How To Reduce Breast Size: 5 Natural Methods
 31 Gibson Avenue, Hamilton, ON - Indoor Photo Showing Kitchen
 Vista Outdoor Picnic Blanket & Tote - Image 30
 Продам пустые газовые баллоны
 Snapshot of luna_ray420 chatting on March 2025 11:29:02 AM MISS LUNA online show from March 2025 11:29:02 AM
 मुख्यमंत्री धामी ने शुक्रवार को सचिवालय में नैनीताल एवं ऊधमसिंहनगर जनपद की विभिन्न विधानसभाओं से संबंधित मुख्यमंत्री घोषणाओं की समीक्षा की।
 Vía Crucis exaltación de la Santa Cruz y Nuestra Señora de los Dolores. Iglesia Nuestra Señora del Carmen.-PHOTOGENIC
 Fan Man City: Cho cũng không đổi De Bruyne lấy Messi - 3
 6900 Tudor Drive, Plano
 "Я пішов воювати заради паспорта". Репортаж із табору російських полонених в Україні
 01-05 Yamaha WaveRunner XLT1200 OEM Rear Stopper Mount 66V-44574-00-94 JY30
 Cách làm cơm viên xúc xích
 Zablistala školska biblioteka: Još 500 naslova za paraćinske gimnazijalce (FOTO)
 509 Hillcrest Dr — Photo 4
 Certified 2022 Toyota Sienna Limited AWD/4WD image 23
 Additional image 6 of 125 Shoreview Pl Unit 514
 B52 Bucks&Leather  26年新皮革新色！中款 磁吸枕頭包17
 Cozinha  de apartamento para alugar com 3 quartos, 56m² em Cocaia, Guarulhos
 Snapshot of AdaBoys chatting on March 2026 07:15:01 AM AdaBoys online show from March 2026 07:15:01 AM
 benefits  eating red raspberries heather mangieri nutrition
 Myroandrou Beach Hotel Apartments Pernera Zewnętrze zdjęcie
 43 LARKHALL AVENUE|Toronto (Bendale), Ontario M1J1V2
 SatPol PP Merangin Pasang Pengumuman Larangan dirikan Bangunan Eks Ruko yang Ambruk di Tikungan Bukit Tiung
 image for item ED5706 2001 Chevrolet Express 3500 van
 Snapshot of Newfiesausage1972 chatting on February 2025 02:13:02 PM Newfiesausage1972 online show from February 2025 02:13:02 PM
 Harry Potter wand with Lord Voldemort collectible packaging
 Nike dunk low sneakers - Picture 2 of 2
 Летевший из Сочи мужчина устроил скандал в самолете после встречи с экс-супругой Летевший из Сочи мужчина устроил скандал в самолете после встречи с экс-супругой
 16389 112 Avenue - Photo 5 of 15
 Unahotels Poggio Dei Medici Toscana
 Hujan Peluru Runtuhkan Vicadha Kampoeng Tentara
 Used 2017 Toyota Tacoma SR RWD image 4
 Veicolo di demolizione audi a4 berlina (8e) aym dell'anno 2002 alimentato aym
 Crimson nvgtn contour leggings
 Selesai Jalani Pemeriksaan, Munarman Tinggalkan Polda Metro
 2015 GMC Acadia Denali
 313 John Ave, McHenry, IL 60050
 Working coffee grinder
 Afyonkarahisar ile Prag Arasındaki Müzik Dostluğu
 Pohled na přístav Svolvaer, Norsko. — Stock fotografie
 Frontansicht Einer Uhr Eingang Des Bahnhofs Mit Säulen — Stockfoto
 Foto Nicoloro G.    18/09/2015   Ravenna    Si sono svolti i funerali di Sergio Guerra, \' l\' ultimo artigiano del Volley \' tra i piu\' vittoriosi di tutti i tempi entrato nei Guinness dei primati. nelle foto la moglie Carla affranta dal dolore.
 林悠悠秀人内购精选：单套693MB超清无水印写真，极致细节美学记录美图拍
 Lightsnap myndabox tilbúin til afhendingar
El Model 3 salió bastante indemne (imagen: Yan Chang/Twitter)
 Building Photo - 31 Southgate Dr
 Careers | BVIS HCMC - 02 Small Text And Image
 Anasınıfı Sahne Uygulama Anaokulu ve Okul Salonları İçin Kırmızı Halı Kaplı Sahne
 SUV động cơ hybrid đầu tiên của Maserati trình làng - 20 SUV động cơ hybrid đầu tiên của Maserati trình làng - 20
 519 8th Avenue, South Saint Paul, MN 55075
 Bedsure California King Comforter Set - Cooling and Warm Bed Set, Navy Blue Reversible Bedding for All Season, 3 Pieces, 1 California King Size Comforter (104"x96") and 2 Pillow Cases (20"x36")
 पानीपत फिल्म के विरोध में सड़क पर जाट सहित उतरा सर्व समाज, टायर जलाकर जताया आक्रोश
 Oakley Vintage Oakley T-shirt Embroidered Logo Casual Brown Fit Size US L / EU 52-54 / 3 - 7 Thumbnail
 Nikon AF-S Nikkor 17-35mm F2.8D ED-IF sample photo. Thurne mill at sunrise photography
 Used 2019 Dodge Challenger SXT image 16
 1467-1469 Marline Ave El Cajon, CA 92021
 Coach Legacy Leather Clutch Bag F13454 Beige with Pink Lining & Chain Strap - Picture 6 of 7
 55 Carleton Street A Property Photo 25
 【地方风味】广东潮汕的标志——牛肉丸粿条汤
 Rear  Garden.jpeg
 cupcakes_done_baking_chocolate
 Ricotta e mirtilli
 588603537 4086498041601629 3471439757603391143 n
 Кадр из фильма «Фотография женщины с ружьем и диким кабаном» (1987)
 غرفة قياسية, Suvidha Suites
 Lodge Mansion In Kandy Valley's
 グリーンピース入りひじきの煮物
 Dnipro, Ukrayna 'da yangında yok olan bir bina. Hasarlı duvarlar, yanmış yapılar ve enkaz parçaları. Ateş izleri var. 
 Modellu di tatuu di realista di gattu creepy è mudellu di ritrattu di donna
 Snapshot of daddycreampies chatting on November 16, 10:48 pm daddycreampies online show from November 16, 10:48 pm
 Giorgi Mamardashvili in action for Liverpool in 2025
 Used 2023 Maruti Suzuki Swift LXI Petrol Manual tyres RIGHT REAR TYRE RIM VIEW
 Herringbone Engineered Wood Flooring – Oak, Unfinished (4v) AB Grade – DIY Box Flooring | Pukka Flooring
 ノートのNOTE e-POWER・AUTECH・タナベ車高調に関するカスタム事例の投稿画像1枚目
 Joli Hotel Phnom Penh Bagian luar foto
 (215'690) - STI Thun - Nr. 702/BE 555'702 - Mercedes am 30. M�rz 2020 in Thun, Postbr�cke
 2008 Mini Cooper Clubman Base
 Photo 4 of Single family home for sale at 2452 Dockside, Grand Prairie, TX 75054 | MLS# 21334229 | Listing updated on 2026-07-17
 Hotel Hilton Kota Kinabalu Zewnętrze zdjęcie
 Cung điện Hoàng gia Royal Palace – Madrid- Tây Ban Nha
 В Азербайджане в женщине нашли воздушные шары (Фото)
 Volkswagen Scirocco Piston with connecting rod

• _What the task asks_: In the records, which lines mention the word "with"? Copy those lines.

• _Response_:
 Harry Potter wand with Lord Voldemort collectible packaging
 Coach Legacy Leather Clutch Bag F13454 Beige with Pink Lining & Chain Strap - Picture 6 of 7
 Volkswagen Scirocco Piston with connecting rod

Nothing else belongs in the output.